The film is about Chess Records, the Chicago-based label that brought us the names of Muddy Waters, Little Walter, Howlin’ Wolf, Chuck Berry, Etta James, and the songwriting prowess of Willie Dixon. If you’re wondering why the film is called Cadillac Records, its founder Leonard Chess (played by Adrien Brody), would buy his artists a Cadillac after they earned their first hit record.
Chess Records’ first success story is the rise to fame of former sharecropper, Muddy Waters (played by Jeffrey Wright)–considered one of the greatest bluesman of all time. He teams up with the meanest harmonica player in Chicago (both figuratively and literally), Little Walter (Columbus Short), and forms the take-no-prisoners band, appropriately titled the Headhunters.
Chess first meets Waters’ crew when they set up their amps in his nightclub, all while another band is performing on stage. A melee ensues, but once Chess hears the sounds of Muddy Waters, he’s hooked for life. Chess takes Waters under his wings, records him in his studio, hits the road, and you can probably guess what happens from here.
As an educational tool Cadillac Records is an excellent look–albeit through the eyes of a big-budget Hollywood movie–at the history of blues and rock-and-roll. Muddy Waters’ soulful blues sound gives way to Chuck Berry’s rock-and-roll stylings, which the Beach Boys end up stealing. Later in the film, we also discover, that Waters inspired a group of English kids to form a band who named themselves after one of his songs–The Rolling Stones (you’ve heard of them, right?).
Unfortunately, Cadillac Records wasn’t able to avoid the pitfall of just about every other music biopic ever made, which is: cram as much as you can into a two-hour movie. The interesting look into Chess and Waters’ relationship starts losing focus once subplots about Chuck Berry (Mos Def) and Etta James (Beyonce Knowles) enter into the equation. Sure, both were part of the Chess Records family, and both are legendary names–portrayed by some current big names in the biz–but Cadillac Records starts feeling like an NBC mini-series halfway through the film.
All in all, the musical performances were enjoyable to watch (although the perfectionist in me did get a little agitated when a performer would stray from their microphone and still sound studio-crisp), and I thought each actor did well representing their respective Chess Records artist.

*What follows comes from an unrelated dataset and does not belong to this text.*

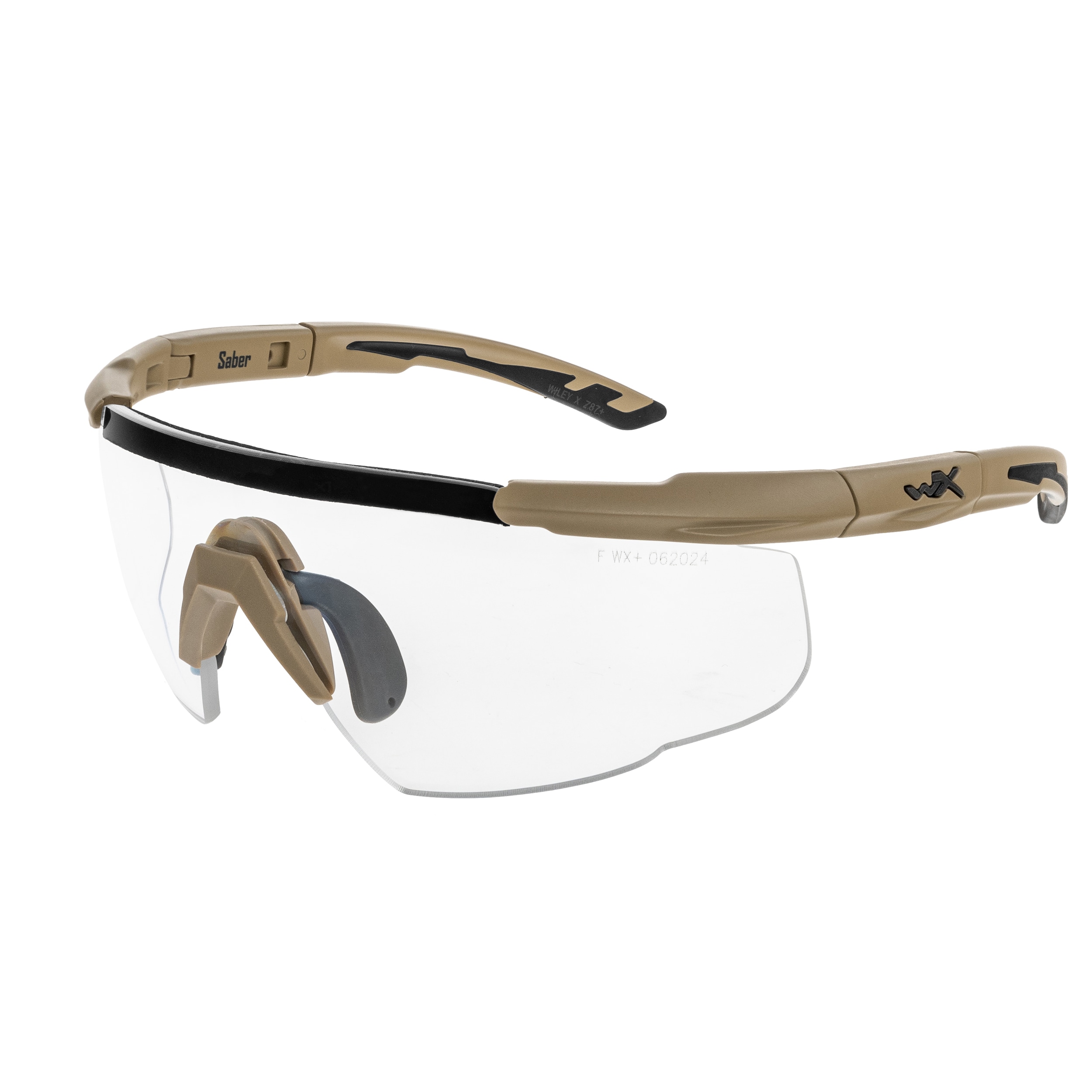 Wiley X - Wiley X Saber Advanced Set 3in1 - Taktische Brille - Grey/Clear/Light Rust/Matte Tan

I could have used a little less Etta in the storyline and some more Muddy, especially the can’t-take-your-eyes-off tension between him and fellow bluesman Howlin’ Wolf (Eamonn Walker).
As far as music movies go, Cadillac Records doesn’t stray from the blueprint we’ve seen a hundred times, but it does give us a glimpse into the lives of some unheralded recording artists who inspired the household names that Hollywood usually makes movies about.